The output of factories, mines and utilities in Spain decreased by 8.3 percent in April, marking the eighth consecutive month of declining year-on-year industrial output, the country's National Statistics Institute announced Wednesday.
Spain's industrial deterioration appears to be accelerating as April's decline was steeper than the 7.5 percent drop recorded in March and the 5.3 percent slump in February.
Output of durable consumer goods such as cars, television sets and washing machines plummeted by 16.7 percent, the figures showed, while other consumer goods fell by 6.7 percent.
In addition, production of industrial and other equipment slumped by 14.9 percent, indicating that future output of Spain's industry is likely to continue sliding.
Clouded business environment
Spain's industrial figures cast new doubt over a more positive forecast for economic development put out by the country's central bank recently. It predicted the recession to last until the middle of this year.
Meanwhile, the latest figures on eurozone growth, released by the European Statistical Office on Wednesday, also showed that countries in Europe's southern periphery may endure recessions throughout 2012.

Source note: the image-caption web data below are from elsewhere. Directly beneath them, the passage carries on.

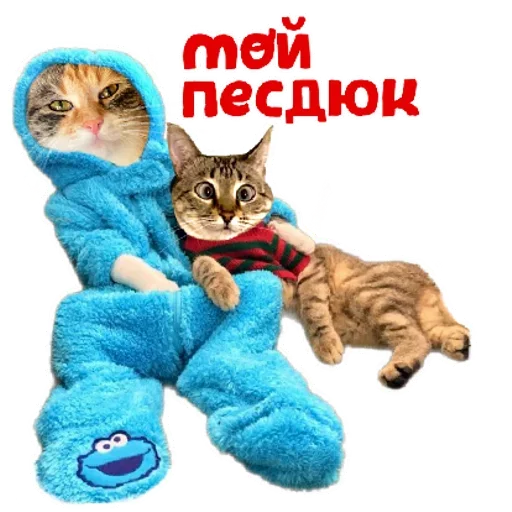 RZSVUDLBGD_by_stikeri_stikeri_bot 30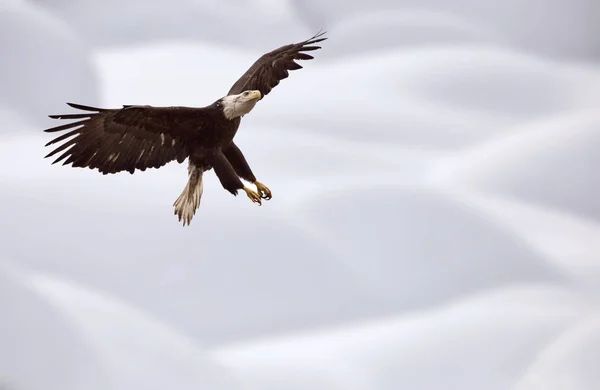 Bald Eagle British Columbia in vlucht — Stockfoto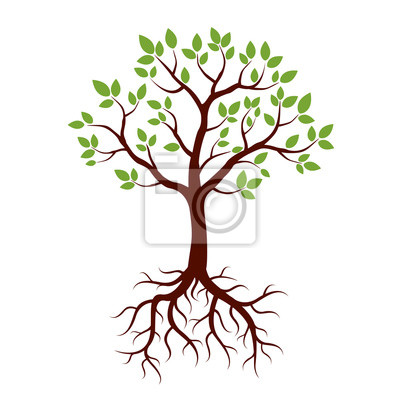 Detail Baum Illustrator Nomer 6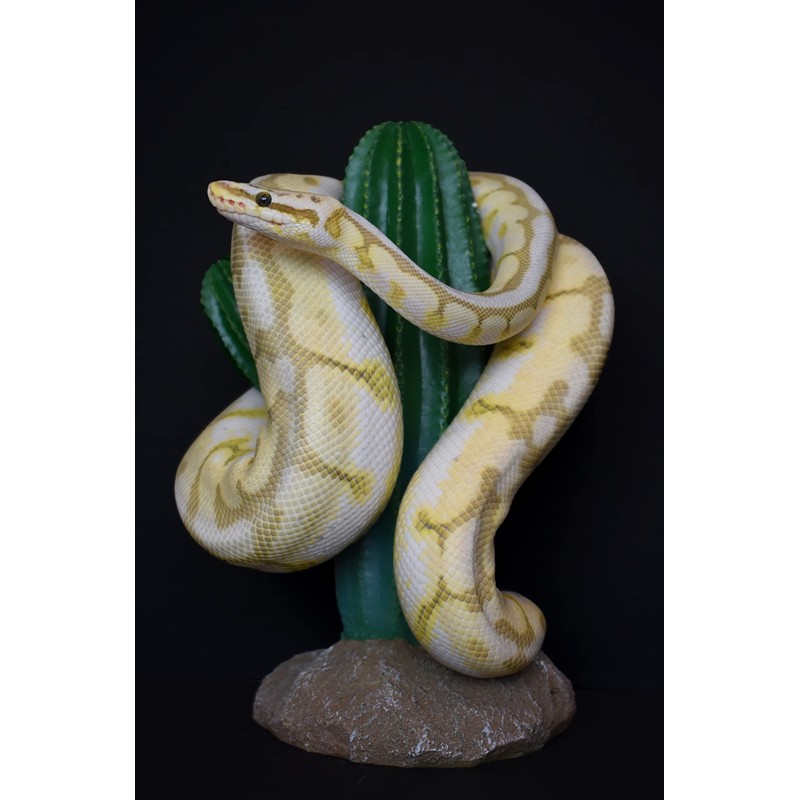 Multi Pet 48593324: Komodo Cactus Plant Saguaro, 9.5In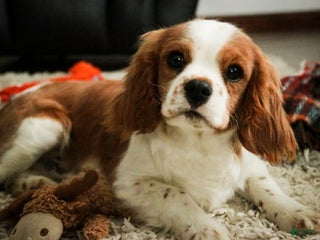 Cavalier King Charles Spaniel dogs Wade - Ad 16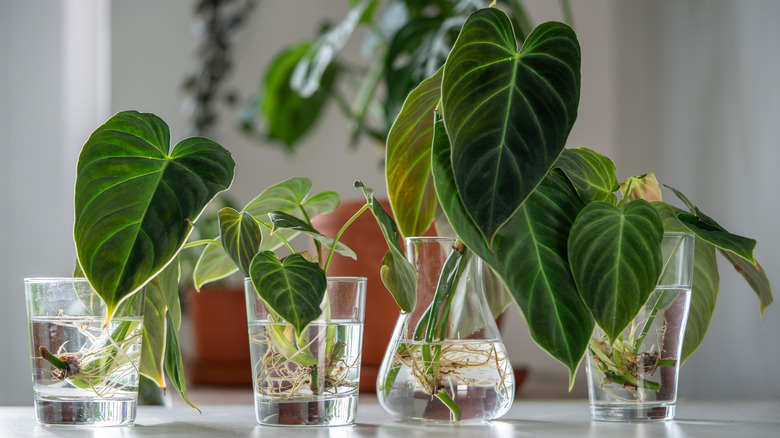 Four propagating plants on a table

Growth figures for the first quarter show that Spain's economy shrank by 0.3 percent, while Portugal contracted 0.1 percent, and Italy recording the most dramatic drop in GDP with minus 0.8 percent.
Spain's industrial output and growth figures are likely to compound Madrid's woes about its ailing banking sector and may force Prime Minister Mariano Rajoy to seek financial assistance from the EU rescue fund.
Rajoy is rejecting an EU-funded bailout, arguing that Spain can master the crisis alone after his government has introduced sweeping austerity measures.